Choosing Service Account and Distributed Key Management Settings During an Upgrade
Updated: May 13, 2016
Applies To: System Center 2012 R2 Virtual Machine Manager
This topic provides information to help you choose your service account and distributed key management settings during an upgrade of Virtual Machine Manager (VMM) from System Center 2012 Service Pack 1 (SP1) to System Center 2012 R2.
During the upgrade, on the Configure service account and distributed key management page, you need to specify which account to use for the System Center Virtual Machine Manager service, and whether to use distributed key management to store encryption keys in Active Directory Domain Services (AD DS). You need to choose your service account and distributed key management settings carefully. In some circumstances, depending on what you choose, encrypted data, such as passwords in templates and profiles, will not be available after the upgrade, and you will have to manually enter them. Information that is not retained about Virtual Machine Roles will not be available for you to enter after the upgrade.
For the service account, you can choose to use the Local System account or a domain account. In some cases, such as installing a high availability VMM management server, you must use a domain account. For more information, see Specifying a Service Account for VMM.
Distributed key management enables you to store encryption keys in AD DS instead of storing the encryption keys on the computer on which the VMM management server is installed. We recommend that you use distributed key management, and in some cases (such as installing a high availability VMM management server), you must use distributed key management. For more information, see Configuring Distributed Key Management in VMM.
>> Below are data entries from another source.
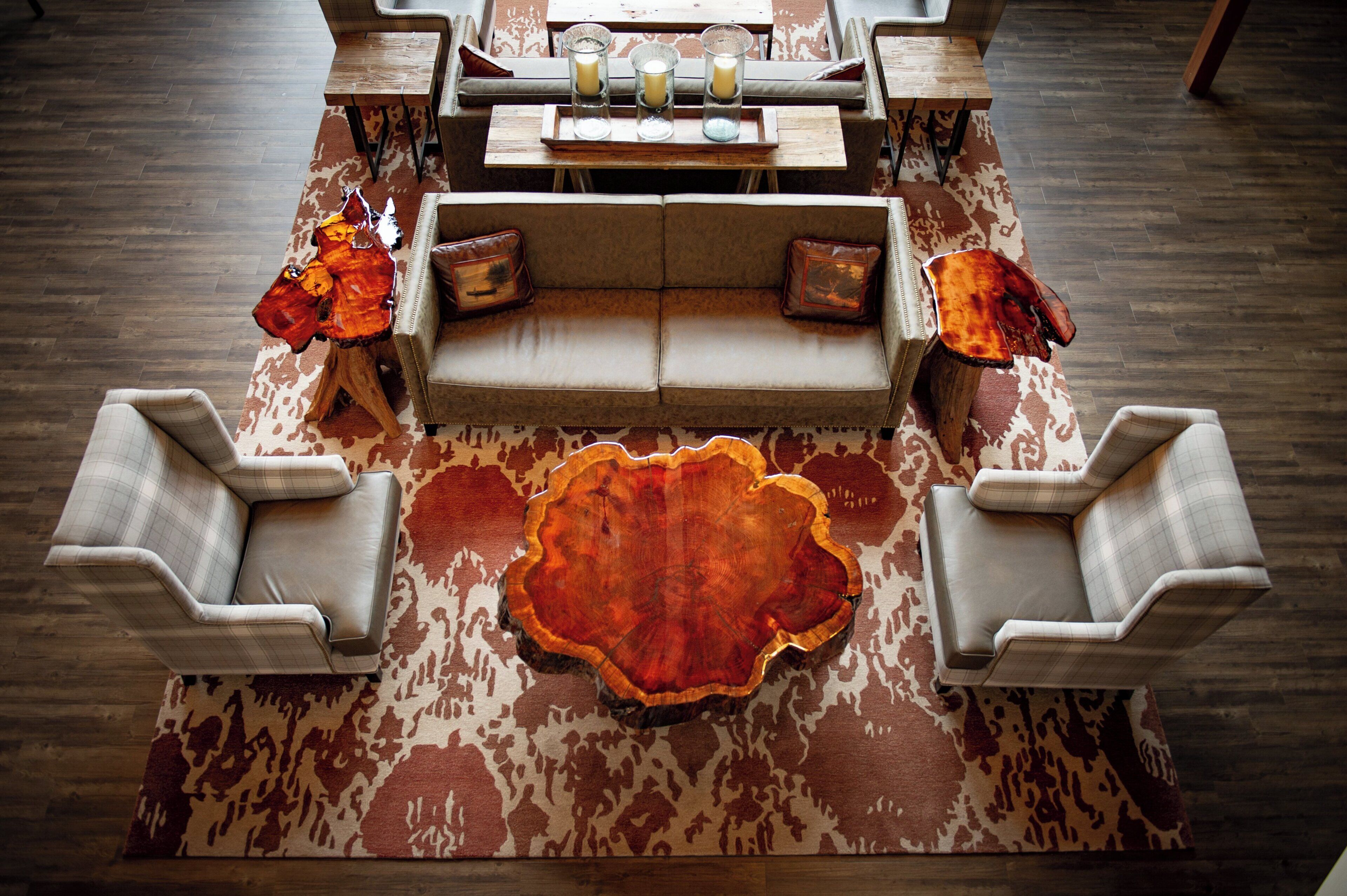 A modern living room with a central sofa, two armchairs, a coffee table, and a decorative rug.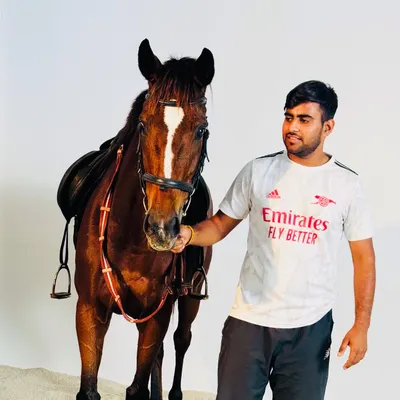 A quiet moment with our competition horse, Candy. We believe a strong, respectful bond with the horse is the most important part of being an equestrian.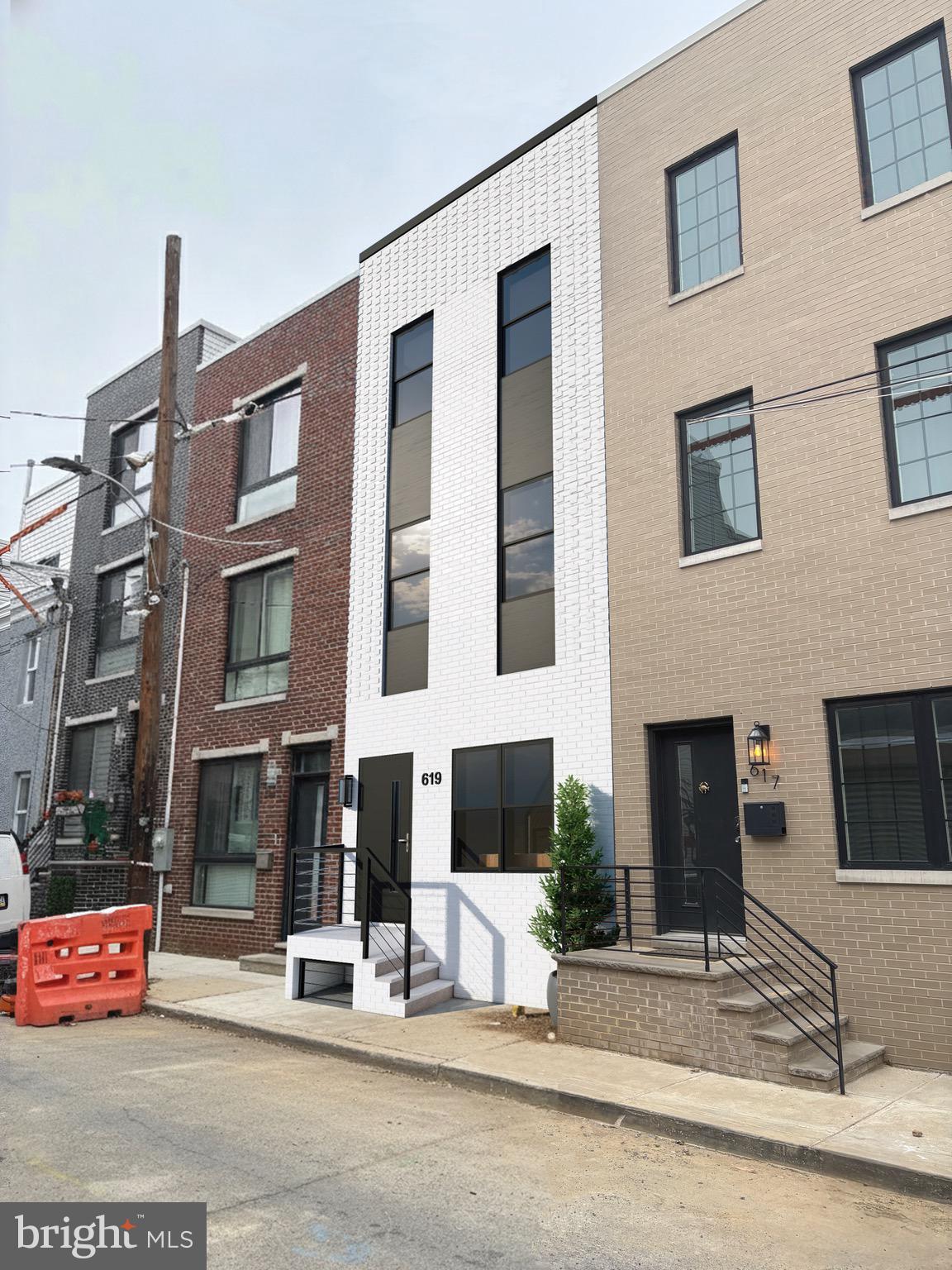 Welcome to this newly constructed row home offering modern and comfortable living. Located in the vibrant Lower Moyamensing neighborhood of South Philadelphia, enjoy close proximity to parks like Mifflin Square Park and Marconi Plaza, as well as a variety of local restaurants, cafes, and bakeries. The home is also minutes from East Passyunk Avenue's bustling dining and shopping scene. Situated on a quiet street with convenient access to public transportation, shopping, parks, and major roadways, this property provides both functionality and convenience. The open-concept main level features a bright living area, dining space, and a contemporary kitchen with ample counter space, a center island, and modern finishes throughout. The second floor includes two versatile bedrooms or office spaces, a full bathroom, and a dedicated laundry area. The third level is dedicated to a spacious primary suite with a walk-in closet, and a private bathroom featuring a large shower and sleek finishes. Above the third floor is the rooftop deck—an ideal setting for relaxing or entertaining. A fully finished lower level expands the living space even further, offering a recreation or family room, an additional bedroom, and a full bathroom. This new construction property offers a generous layout, modern upgrades, and plenty of potential perfect for anyone seeking a move-in-ready home. Taxes and square footage is the responsibility of the buyer to have verified independently.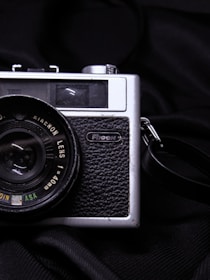 A vintage black and silver camera, likely made by Ricoh, is positioned against a dark fabric backdrop. The camera features a textured grip and a prominent lens with visible markings indicating lens specifications.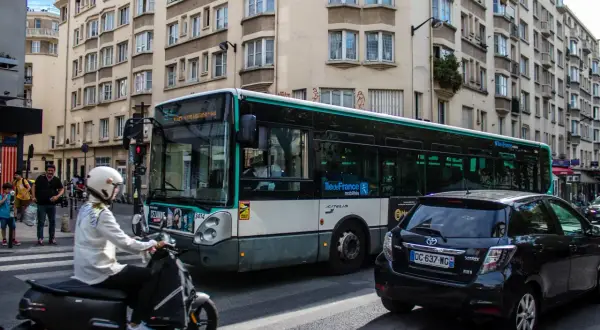 Paryż: autobus miejski i skuter na ulicy, symbolizujące dojazd do centrum z lotniska Charles de Gaulle.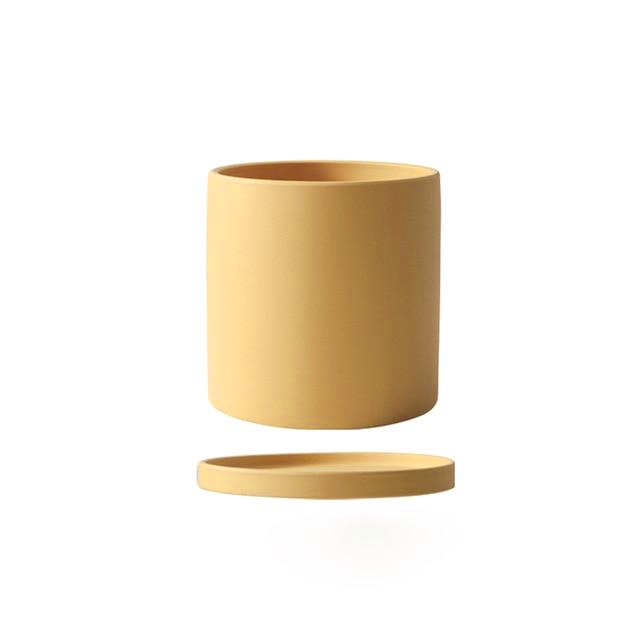 yellow ceramic Planter cylinder shape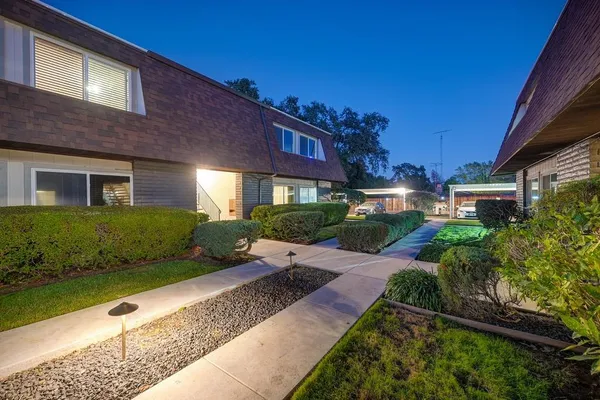 a view of a house with a yard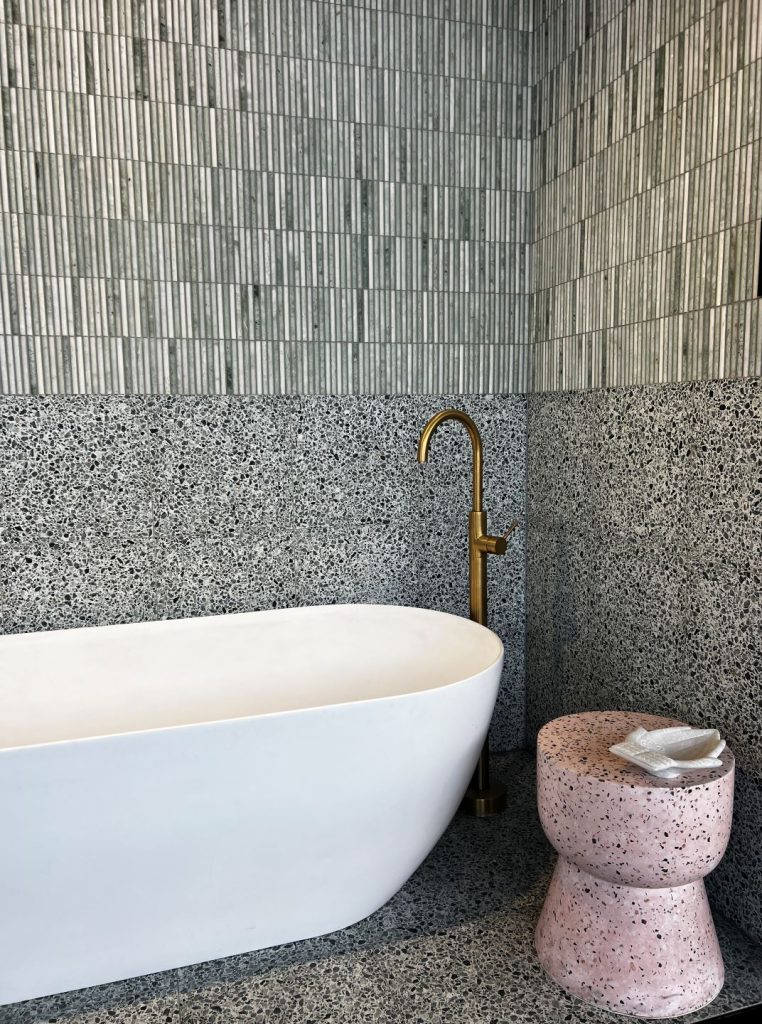 black and white  linear and speckled tiles with white  bath and pink  speckled stool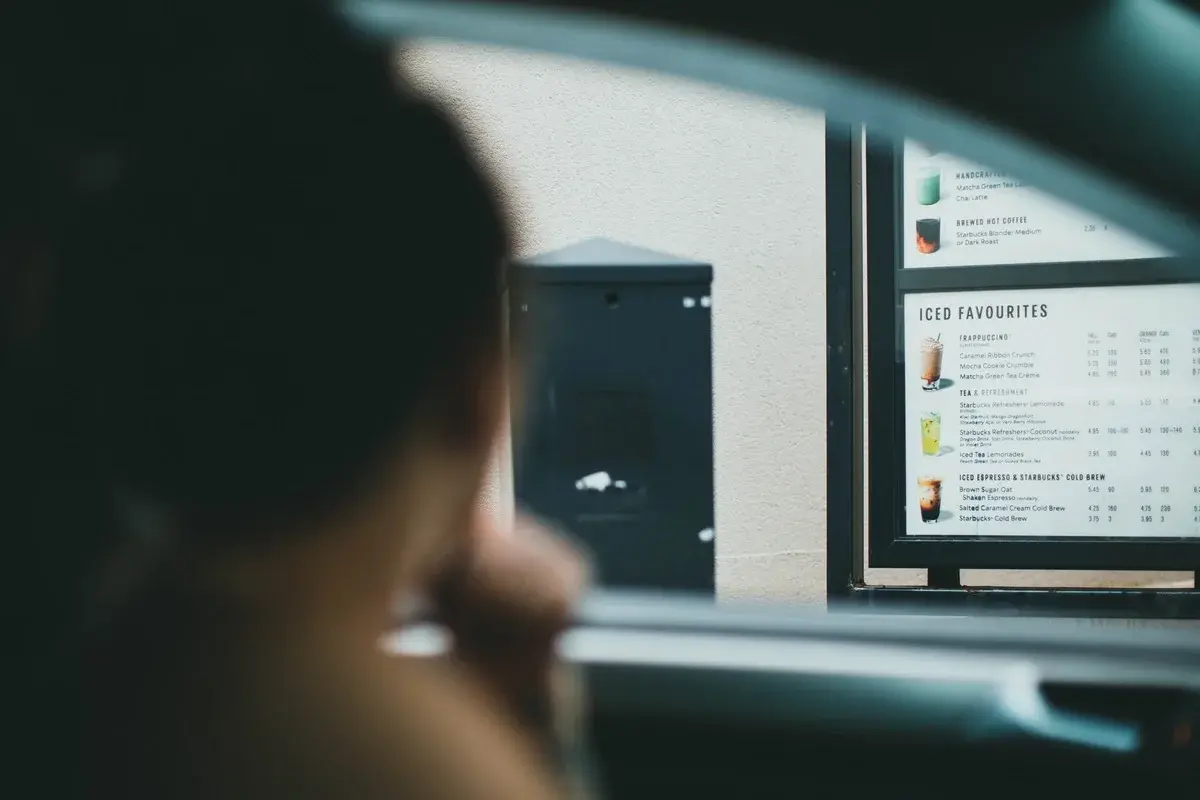 A person ordering coffee at a drive-thru with the menu board visible.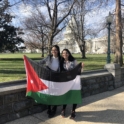 Two Young Women Holding The Jordanian Flag In Front Of The U S  Capitol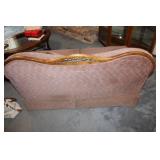 Vintage Two-Seater Loveseat with Decorative Pillows and Wooden Backrest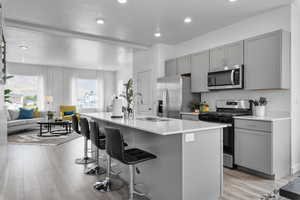 Kitchen with gray cabinets, appliances with stainless steel finishes, a kitchen bar, a center island with sink, and recessed lighting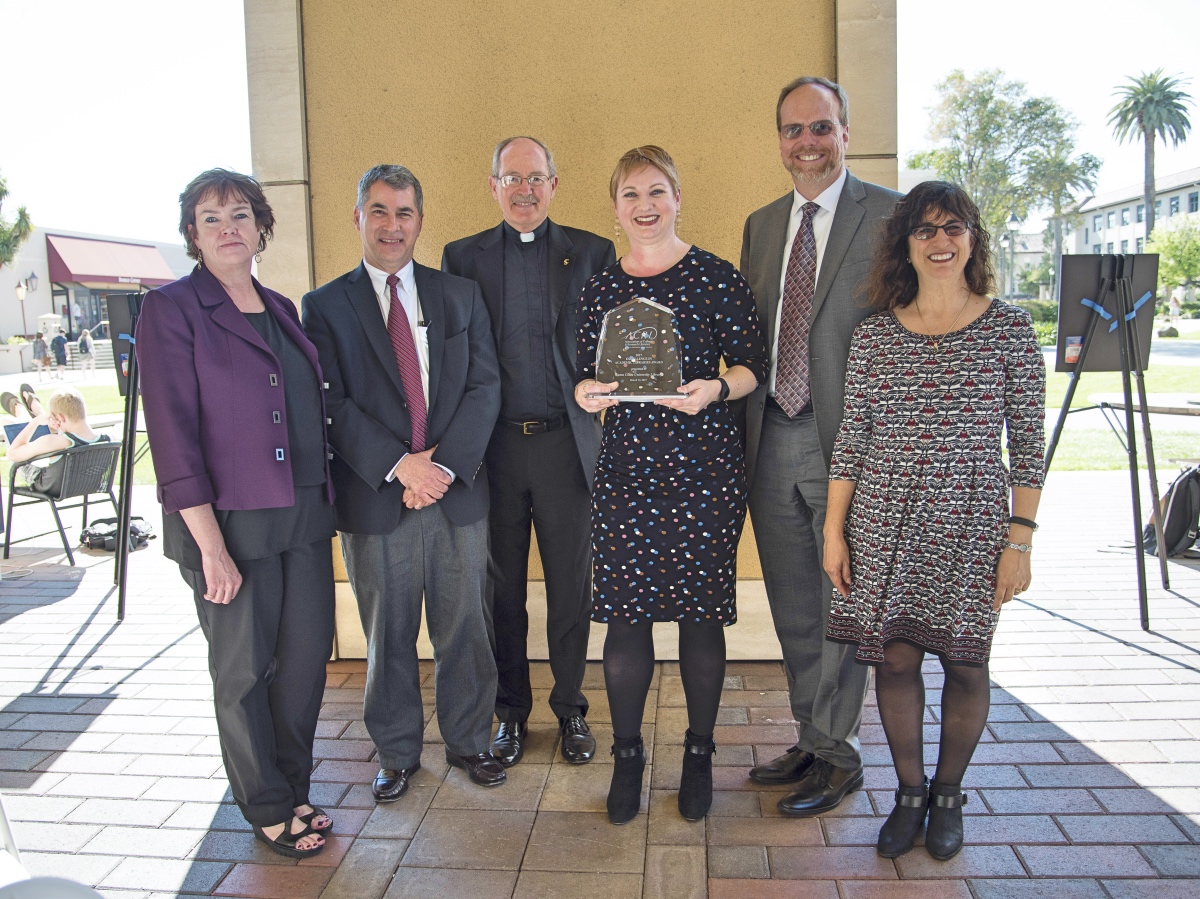 Barbara Kawecki, Bob Owen, Fr. Michael Engh, S.J., Jennifer Nutefall, Dennis Jacobs, and Irene Herold pose with the trophy at the award ceremony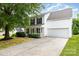 Charming two-story home with a well-manicured lawn, attached garage, and inviting front porch at 3312 James Rd, Charlotte, NC 28215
Whether encrypted data is available after the upgrade depends on the following factors:
The account you use to sign in when you perform the upgrade.
The account that the Virtual Machine Manager service is using in the current installation of VMM.
The account that the System Center Virtual Machine Manager service will use in the System Center 2012 R2 installation.
The following table provides information about accounts that are used during the upgrade.
Account used when upgrading | VMM service account in System Center 2012 SP1 | VMM service account in System Center 2012 R2 | Not using distributed key management | Using distributed key management |
---|---|---|---|---|
Any valid administrator account | Local system | Local system | Encrypted data is preserved | Encrypted data is preserved |
Any valid administrator account | Local system | Domain account | Encrypted data is not preserved | Encrypted data is preserved |
Any valid administrator account | Domain account | Local system | N/A | N/A |
Same domain account as the VMM service account in System Center 2012 SP1 | Domain account | Domain account | Encrypted data is preserved | Encrypted data is preserved |
Different domain account from the VMM service account in System Center 2012 SP1 | Domain account | Domain account | Encrypted data is not preserved | Encrypted data is not preserved |
Note
If the Virtual Machine Manager service in System Center 2012 SP1 is configured to use a domain account, when you upgrade to a high availability management server in System Center 2012 R2, you must use the same domain account for the Virtual Machine Manager service. During the upgrade process, you will be required to enter the password for that domain account.
If your upgrade involves installing VMM on a different computer and using your current VMM database, encrypted data is not preserved during the upgrade unless you configured distributed key management. The benefit of using distributed key management is that the encryption keys are stored in AD DS instead of on the computer that was running VMM in System Center 2012 SP1. Therefore, if you reinstall VMM in System Center 2012 R2 on a different computer, you can access the encrypted data.